Realisation within project boundaries represents the most concrete perspective on BwN. The definition of the project boundaries is of crucial importance since this defines the domain in which procurement and contracts have to be organized. So (1) grip is needed on how project boundaries are changed by BwN and (2) procurement and contract need to be organised accordingly.’

  1. Application of Building with Nature BwN principles throughout the project phases requires new relations between governments and private parties. It thus implies other responsibilities and roles for knowledge workers, decision makers, stakeholders, consultants and contractors. In decision making on developments the public actors will stay responsible for ulimately answering the ‘what’ question. However knowledge workers, consultants and contractors might play substantial roles in the learning process on clearifying what is feasible in an eco-system, applying an integral approach on the eco-system, making use of natural forces, and harvesting valuable eco-services.These efforts on optimising seemingly the ‘how’ question will envision and influence the ‘what’ question. At least if the participatory horizontal relationships between governments, stakeholders, knowledge workers, consultants, and contractors are established as BwN principles suggest.
  2. Governments and other project developers have to follow a tender process in case of outsourcing works and contracts. The rules, procedures and requirements for this are easily traced in national legislation. Typically the bid process includes a prequalification step or integral qualification criteria; usually criteria include financial qualification for similar work, technical qualification and the financial eligibility of te contractor, expressed in terms of total turnover. Such rules, that frame competition and determine who is eligible, influence the line up of private parties such as consultants and constructors. The described developments call for redesign of the setting or frame in which realization takes place. A realisation frame has to de developed that secures that the seedbed of BwN is harvested in realisation. Dealing with contractors (used to design + construct jobs) that play a substantial role during the initiation and planning phases takes rethinking procurement and accompanying contract types.

Inevitable the issue has to be faced how to deal with procurement and contracts in the case realization takes place within enlarged and reshuffled project boundaries.

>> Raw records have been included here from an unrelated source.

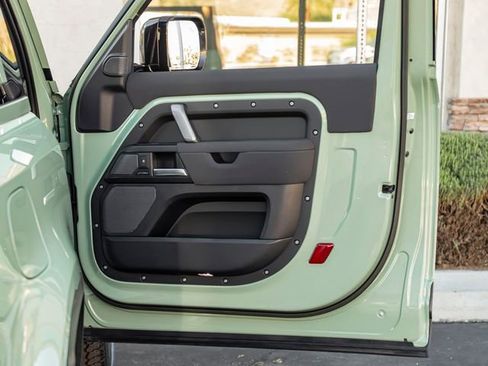 Used 2023 Land Rover Defender 110 75th Limited Edition image 26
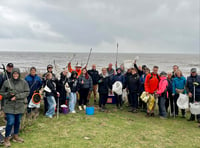 More than 120 take part in beach cleans on West Somerset coast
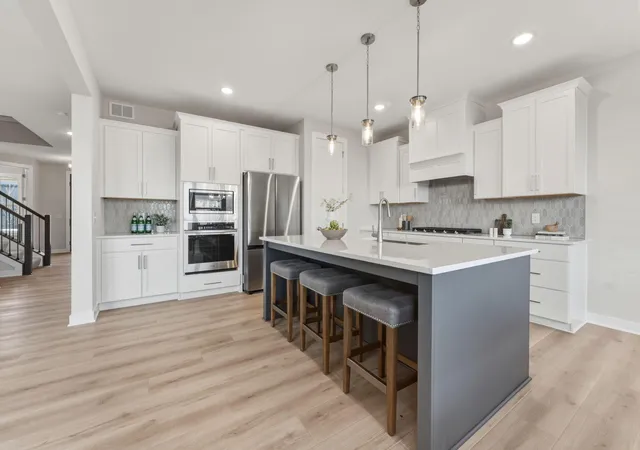 5th image of 18250 102Nd Pl N, Maple Grove, MN 55311 | MLS# 7104059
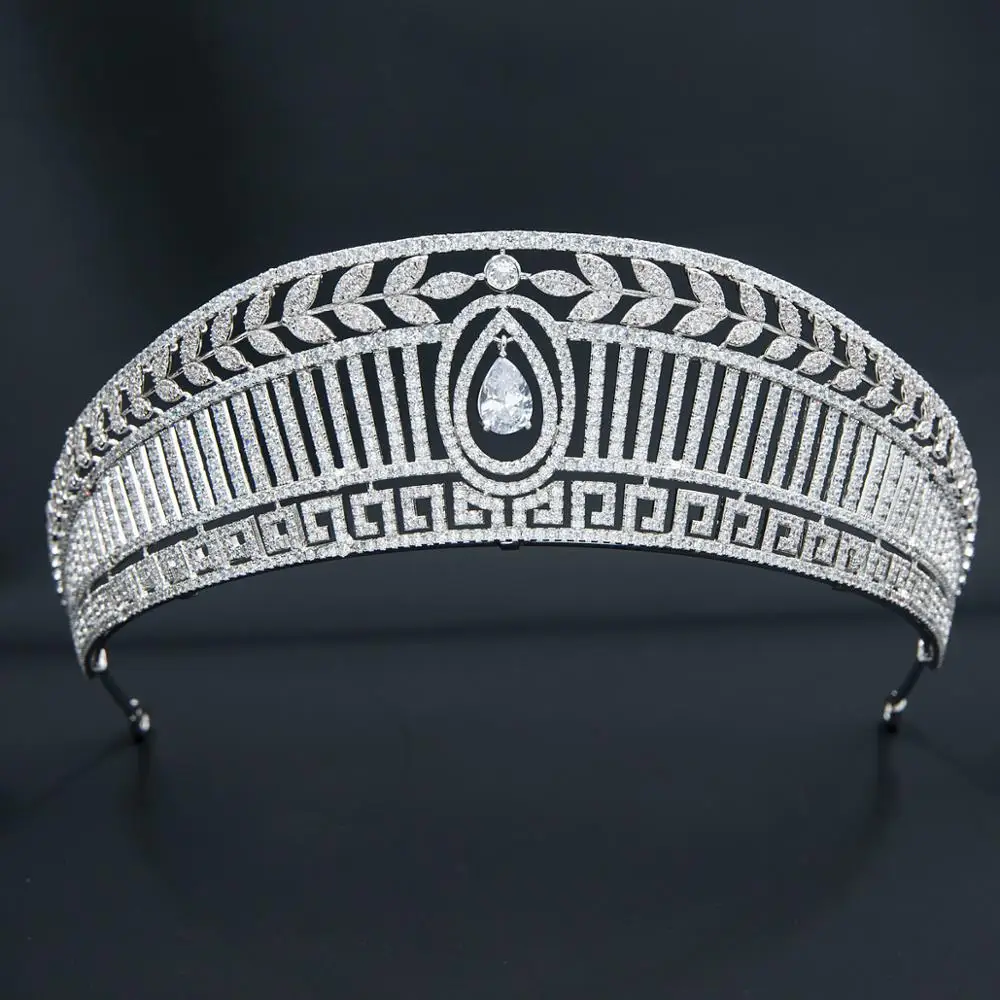 

Cubic Zirconia Royal Replica Tiara for Wedding,Crystal Queens Tiaras Crown for Bride Hair Accessories CH10356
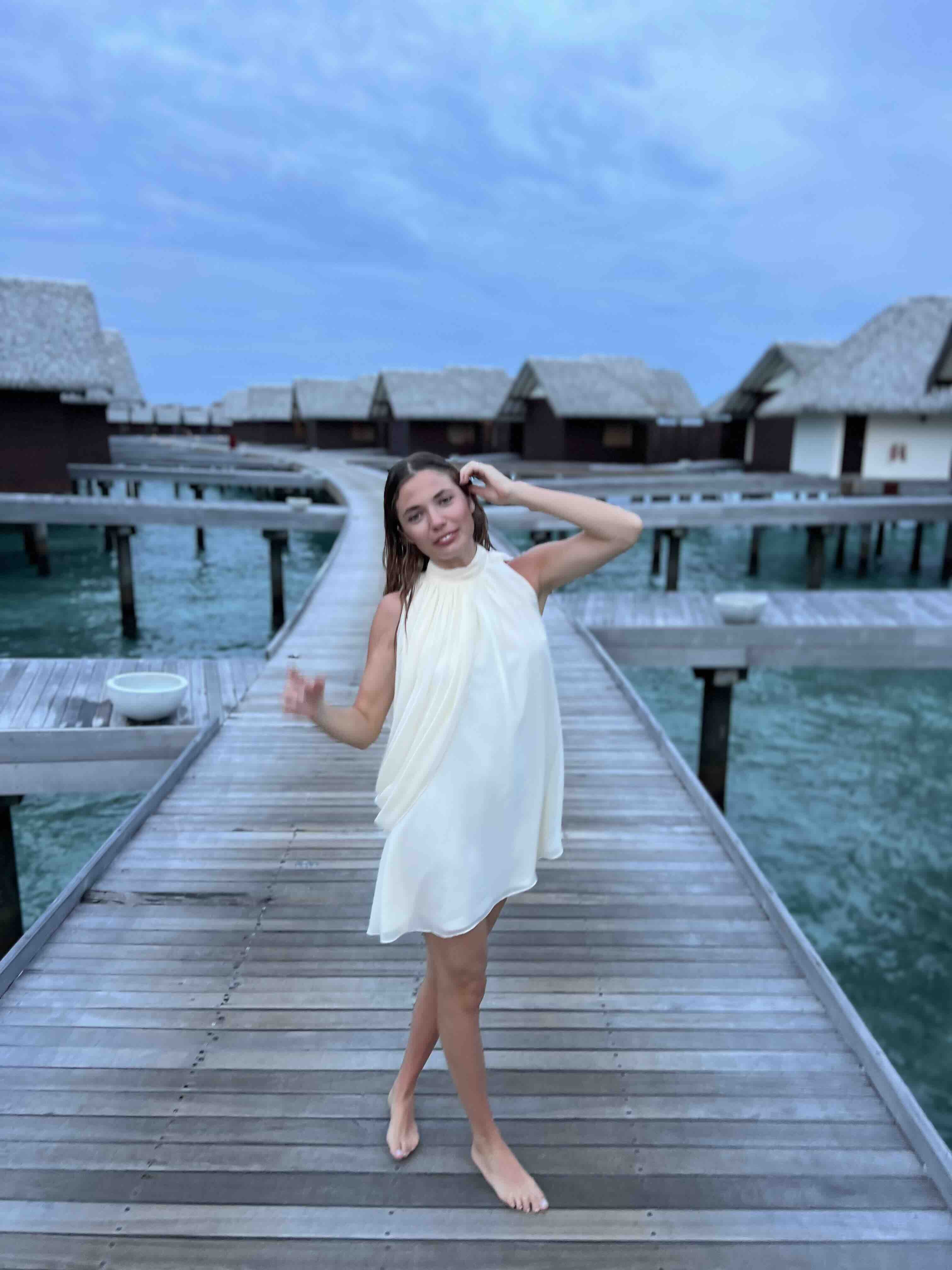 Vestido pedida o preboda Reiss — foto 1 de 3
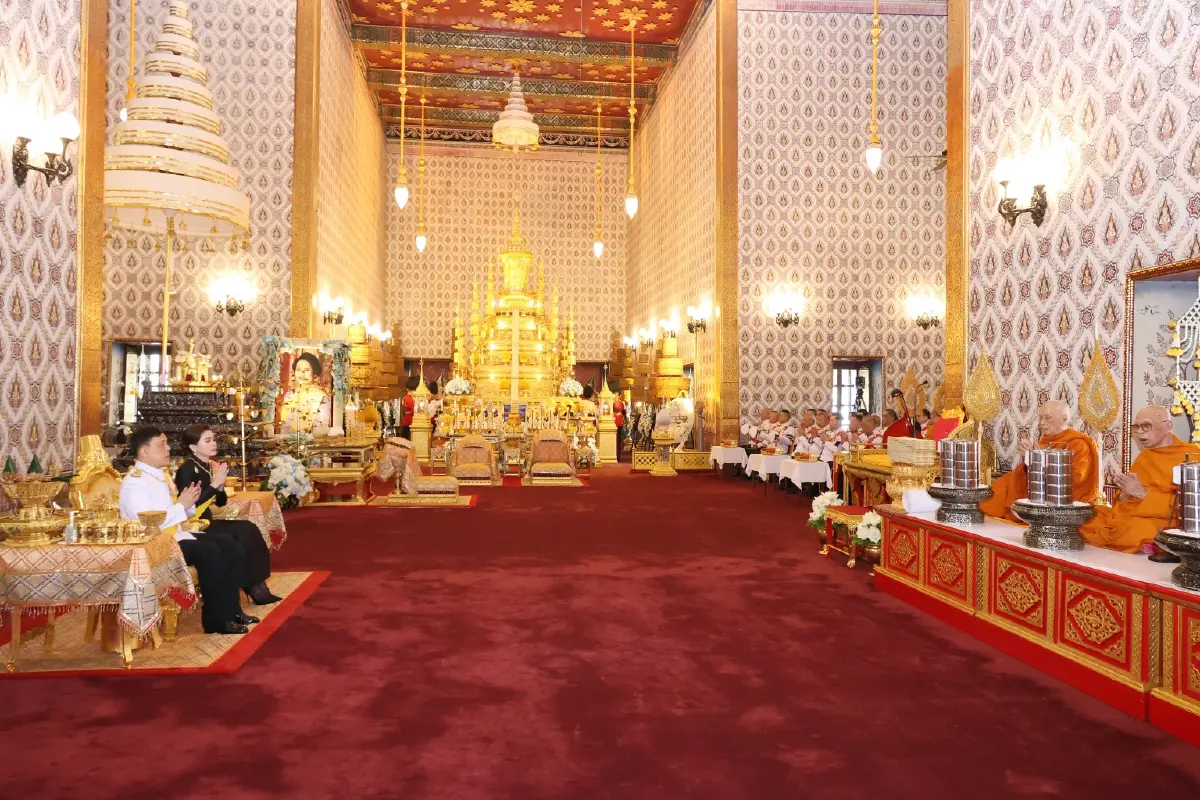 ในหลวง-พระราชินี เสด็จฯ ในการพระราชพิธีทรงบำเพ็ญพระราชกุศลสัตตมวาร 7 วัน ถวายพระบรมศพสมเด็จพระนางเจ้าสิริกิติ์ฯ พระบรมราชชนนีพันปีหลวง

This building solution outlines cooperation and procurement strategies and elaborates contracts and suitable organisational structures.

The key questions are:

  • How can organisational structures, procurement and contracts facilitate BwN within project boundaries?
  • Which specific arrangements with regard to organisation, procurement and contracts are conditional for realisation of BwN within project boundaries?

Advantages

  • Successful integration of BwN concepts in a development benefits from early involvement of all relevant players in the field, especially from the knowledge of constructing parties. This requires a sound package of agreements with commercial parties, that allows these to bring in their expertise, under a mechanism to reward them for their creativity, but without ‘open ends’.

Disadvantages

  • Innovative contracting requires a large input, qualitatively and quantitatively, from developers in early stages of the project, often dealing within knowledge fields they are less familiar with.
  • Innovative contracting inevitably includes a certain level of uncertainty in early stages of decision making. Mechanisms to handle such uncertainties through ‘adaptive management’ are becoming general practice.